Large number of incrementally growing extendible datasets

Bjorn_Andres · June 18, 2009, 12:40pm

Hello!

In a computational geometry application, I am dealing with sets of points in 3D space. Each point set can be represented as a matrix (e.g. a 2D dataset in HDF5) having as many rows as there are points, and three columns for the three coordinates of each point.

The exact number of sets (about 10^6) is known at the initialization of an algorithm while the number of points in each set is unknown. Incrementally, new points are computed and have to be appended to the datasets that have already been constructed.

I have written code (C++, HDF5 1.8.3) which creates 10^7 datasets in one HDF5 file. These datasets are made extendible in the first dimension such that new rows of coordinates can be appended.

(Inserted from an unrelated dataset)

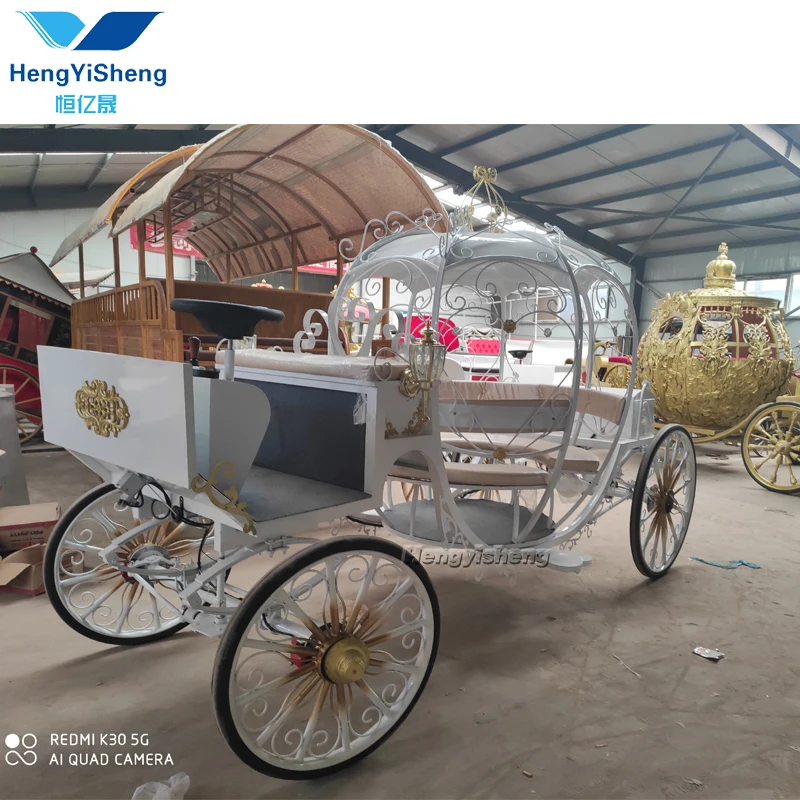 プリンセス/中古バッテリー制御ホースワゴン/キャノピー付き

There are on average 10 appends per dataset and each append consists on average of 250 points (3 kBytes). After having written about 7 GB to the hard drive, the performance goes down to almost zero. Note that at most one dataset is open at any time.

I am now wondering whether the introduction of 10^6 extendible datasets is a bad idea overall.

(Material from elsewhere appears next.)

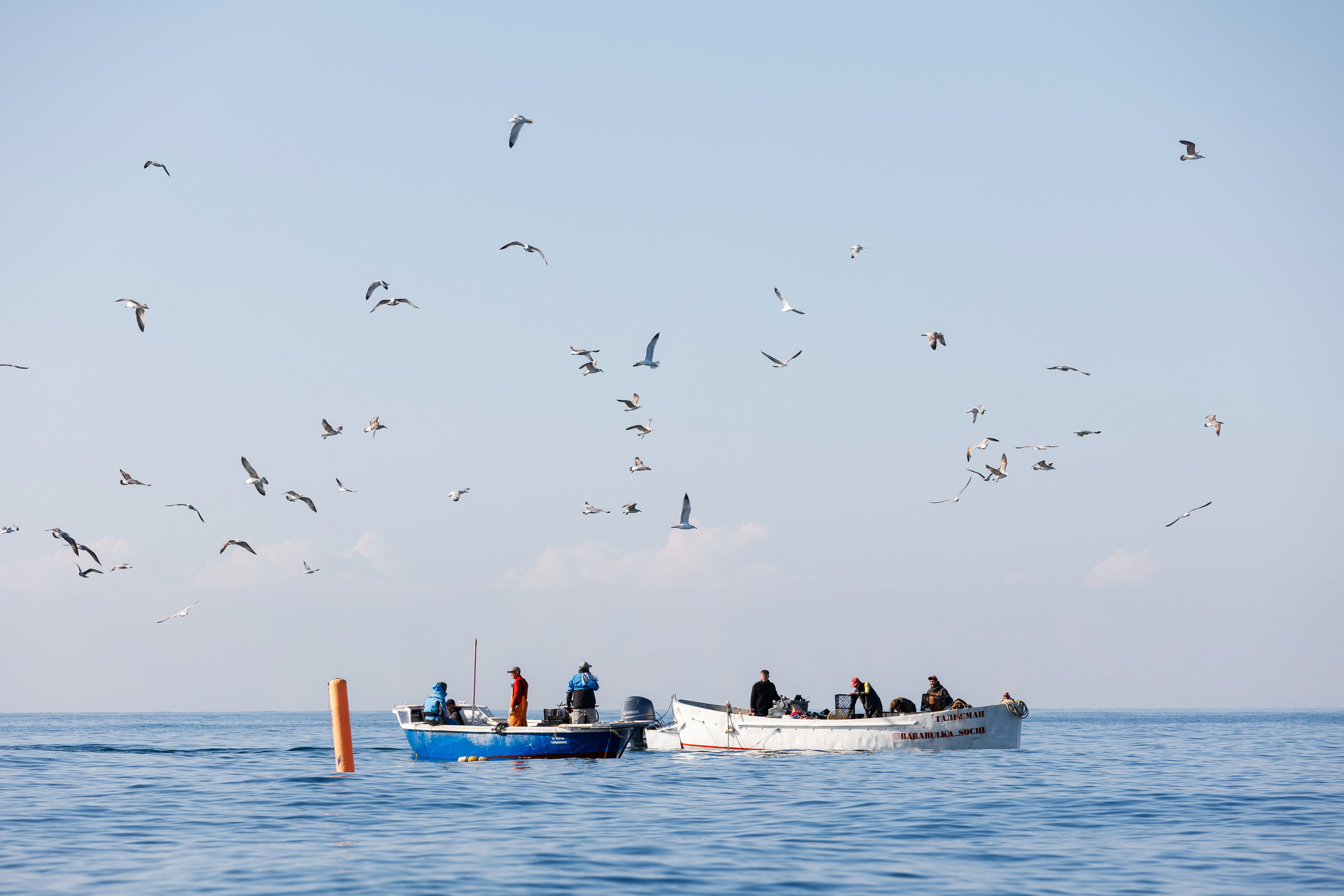 Регаты. Репортажный Фотограф в Сочи и Москве Алексей Орлов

- Does HDF5 in its internal organization move around data such that extendible datasets (after appending new data) are contiguous?

- Does HDF5 require that the file is contiguous on the hard drive? Can the file system cause the problem?

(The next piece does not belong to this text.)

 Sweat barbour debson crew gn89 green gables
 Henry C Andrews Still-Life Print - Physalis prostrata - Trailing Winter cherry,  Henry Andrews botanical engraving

- Can caching be a problem? Note that at most one dataset is open at any time. I close it right after having appended data.

I appreciate valuable hints!

Kind regards,
Bjoern

···

----------------------------------------------------------------------
This mailing list is for HDF software users discussion.
To subscribe to this list, send a message to hdf-forum-subscribe@hdfgroup.org.
To unsubscribe, send a message to hdf-forum-unsubscribe@hdfgroup.org.

Quincey_Koziol · June 18, 2009, 1:02pm

Hi Bjoern,

Hello!

In a computational geometry application, I am dealing with sets of points in 3D space. Each point set can be represented as a matrix (e.g. a 2D dataset in HDF5) having as many rows as there are points, and three columns for the three coordinates of each point.

The exact number of sets (about 10^6) is known at the initialization of an algorithm while the number of points in each set is unknown. Incrementally, new points are computed and have to be appended to the datasets that have already been constructed.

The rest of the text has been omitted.